***** Source records
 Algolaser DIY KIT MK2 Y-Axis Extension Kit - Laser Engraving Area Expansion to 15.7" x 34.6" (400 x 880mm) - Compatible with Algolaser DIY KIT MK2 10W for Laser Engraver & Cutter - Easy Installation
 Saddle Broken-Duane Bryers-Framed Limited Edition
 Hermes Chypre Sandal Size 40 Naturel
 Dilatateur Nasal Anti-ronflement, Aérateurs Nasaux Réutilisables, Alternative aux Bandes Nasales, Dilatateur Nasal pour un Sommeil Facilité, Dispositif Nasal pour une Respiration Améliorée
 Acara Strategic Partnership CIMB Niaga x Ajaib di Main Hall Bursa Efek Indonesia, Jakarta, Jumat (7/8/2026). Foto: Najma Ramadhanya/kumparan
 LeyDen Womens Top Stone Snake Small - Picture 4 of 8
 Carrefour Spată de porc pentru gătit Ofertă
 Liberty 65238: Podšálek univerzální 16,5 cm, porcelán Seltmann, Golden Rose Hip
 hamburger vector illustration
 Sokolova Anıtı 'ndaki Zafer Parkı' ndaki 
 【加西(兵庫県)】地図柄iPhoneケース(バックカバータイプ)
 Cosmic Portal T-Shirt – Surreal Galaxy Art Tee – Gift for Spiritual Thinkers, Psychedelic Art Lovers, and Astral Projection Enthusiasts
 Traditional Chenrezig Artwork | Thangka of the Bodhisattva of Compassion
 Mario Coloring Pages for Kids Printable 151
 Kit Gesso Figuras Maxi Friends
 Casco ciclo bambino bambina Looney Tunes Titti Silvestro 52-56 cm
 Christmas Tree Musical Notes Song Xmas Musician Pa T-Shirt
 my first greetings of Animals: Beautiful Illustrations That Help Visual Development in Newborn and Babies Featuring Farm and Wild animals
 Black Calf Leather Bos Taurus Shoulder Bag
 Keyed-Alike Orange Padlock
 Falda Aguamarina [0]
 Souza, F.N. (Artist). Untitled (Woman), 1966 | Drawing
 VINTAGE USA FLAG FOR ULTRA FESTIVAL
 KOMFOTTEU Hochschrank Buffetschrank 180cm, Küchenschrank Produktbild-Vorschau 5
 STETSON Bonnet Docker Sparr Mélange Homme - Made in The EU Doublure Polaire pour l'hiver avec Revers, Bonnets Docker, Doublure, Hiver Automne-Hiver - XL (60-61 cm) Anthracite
**********
### Task brief
Please copy every line of the data that carries the string "pour".

### Reply to the exercise
 Dilatateur Nasal Anti-ronflement, Aérateurs Nasaux Réutilisables, Alternative aux Bandes Nasales, Dilatateur Nasal pour un Sommeil Facilité, Dispositif Nasal pour une Respiration Améliorée
 STETSON Bonnet Docker Sparr Mélange Homme - Made in The EU Doublure Polaire pour l'hiver avec Revers, Bonnets Docker, Doublure, Hiver Automne-Hiver - XL (60-61 cm) Anthracite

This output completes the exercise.